Retour à Tchaïkovski pour conclure le récital, avec un arrangement pour piano seul sous forme de Suite du ballet La Belle au bois dormant que le compositeur avait écrit pour le théâtre Mariinsky où en a été donné la création le 15 janvier 1890. Le pianiste chef d’orchestre Mikhaïl Pletnev en a tiré en 1978 une suite pour son instrument à partir d’une sélection de cinq numéros de la partition originale effectuée en 1899 par l’Ukrainien Alexandre Siloti (1863-1945) à la demande de son éditeur, regroupant dix numéros tirés de l’introduction et le finale du prologue et des trois actes, tandis qu’est confié au clavier le soin d’évoquer une orchestration de bois par deux ajoutés d’un piccolo et d’un cor anglais, quatre cors, deux trompettes, deux cornets, trois trombones, tuba, timbales, percussion, harpe et cordes… La Suite reprend d’abord l’Introduction et le finale du prologue, puis la Danse des demoiselles d’honneur et des pages de l’acte initial qui conduit à la coda du premier tableau de l’acte suivant où les sylphides entourant la Belle Aurore disparaissent dans un presto rappelant le Scherzo de La Reine Mab du Roméo et Juliette de Berlioz, puis le molto espressivo du duo du Prince Désiré et d’Aurore dans le deuxième acte, qui précède un retour à l’acte central avec la délectable polka de la Fée d’Argent et les miaulements du Chat Botté cherchant à séduire la Chatte Blanche extraits de l’acte final, enchaîné à la gavotte des baronnes et aux gazouillements de canari, avant un retour à l’acte III, d’abord l’évocation du Chaperon rouge poursuivi par le Loup où l’on entend à la main droite du pianiste la douce mélopée du hautbois solo, avant de conclure la Suite avec la fébrile mazurka finale.

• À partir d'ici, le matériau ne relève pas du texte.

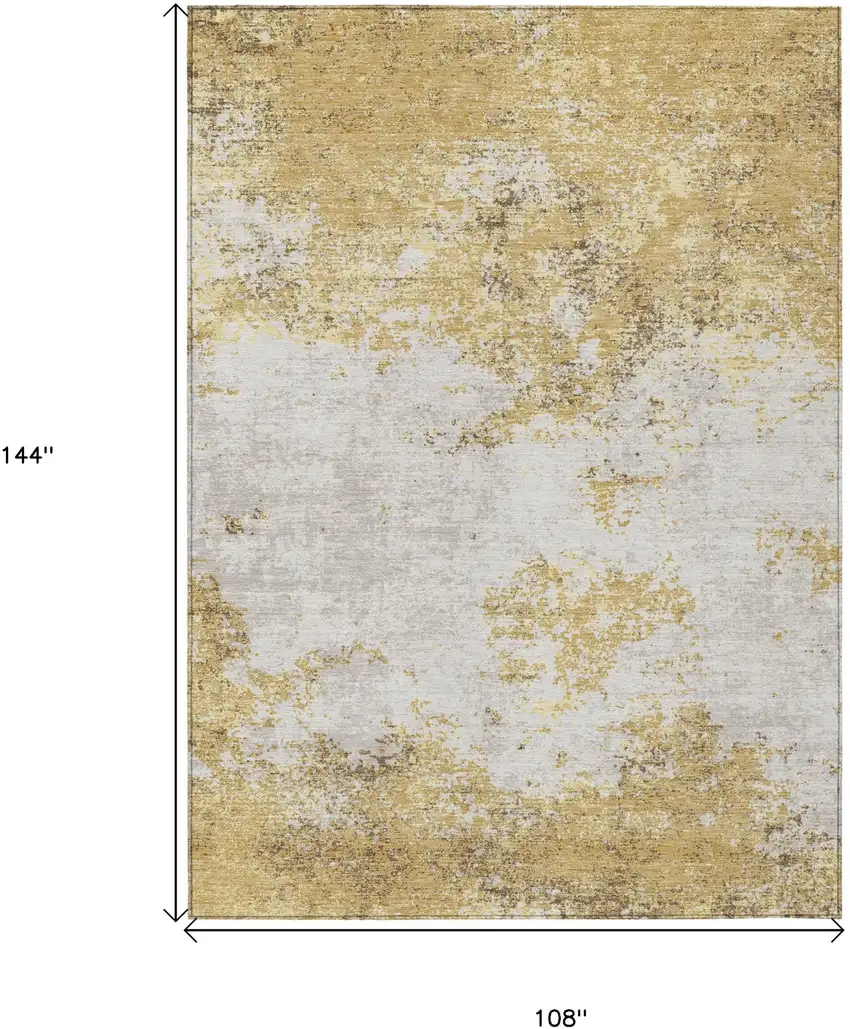 Gold Brown And Beige Abstract Washable Indoor Outdoor Area Rug Photo 3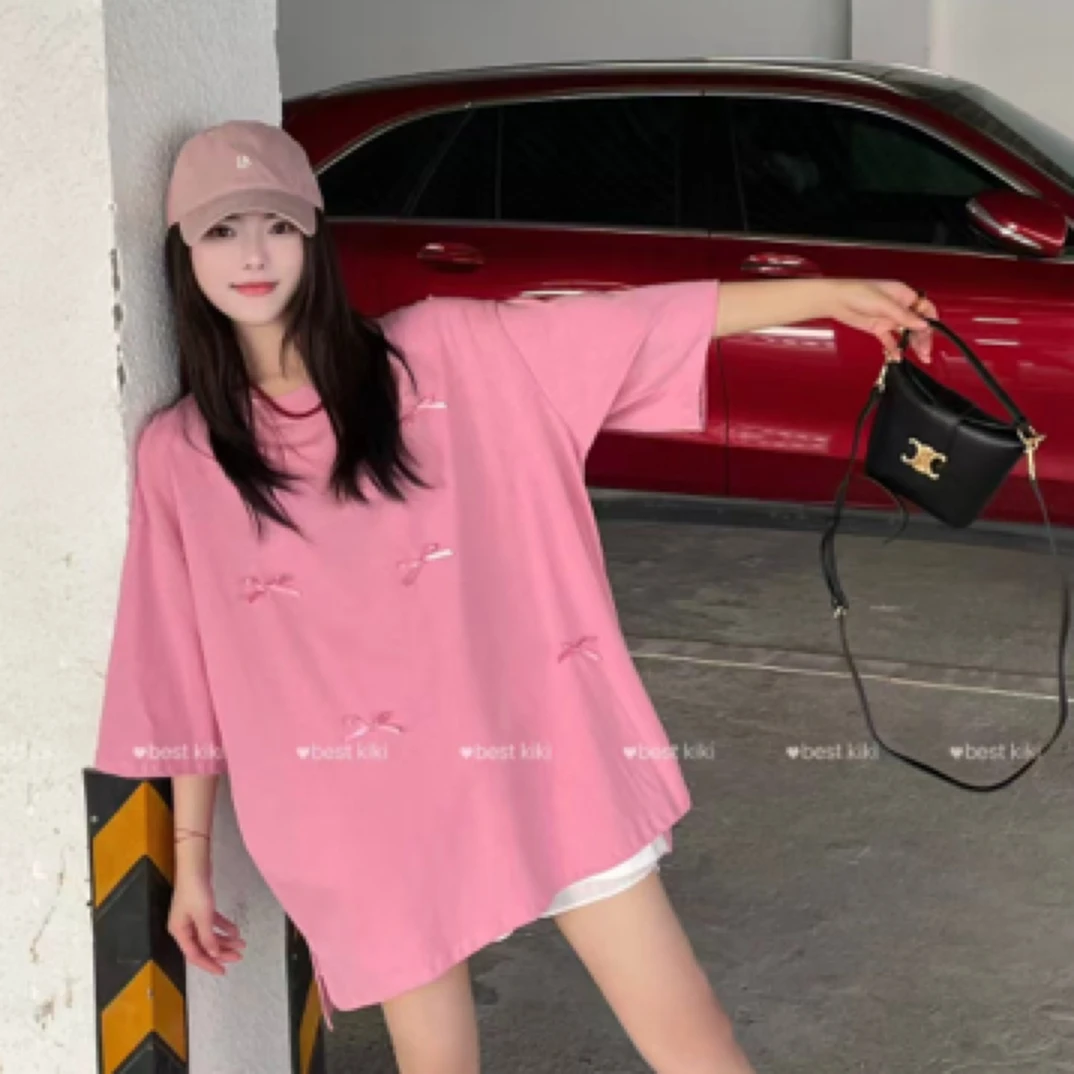 /大大/KiKi家/9669#手工蝴蝶结短袖大版T恤/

Suivre les péripéties successives de ce conte et de ses personnages constitue un véritable plaisir sous les doigts du peintre-magicien Daniil Trifonov qui font entendre les instruments de l’orchestre, bois, cuivres, harpe, cordes au grand complet, et la vision d’ensemble du pianiste restitue les diverses étapes du conte de fées, de la fantasmagorie à la chimère, de l’angoisse à la délectation, de la terreur à la tendresse, qui prend le tour d’un véritable poème symphonique confié au seul piano.

Daniil Trifonov
Photo : (c) Bruno Serrou

En bis, après de brefs saluts d’automate dégingandé, Daniil Trifonov a donné la Vals de Santo Domingo (Valse de Saint-Domingue) du pianiste compositeur dominicain Bullumba Landestoy (1925-2018), suivie de la Rêverie op. 39/21 extraite de l’Album pour la Jeunesse de Tchaïkovski.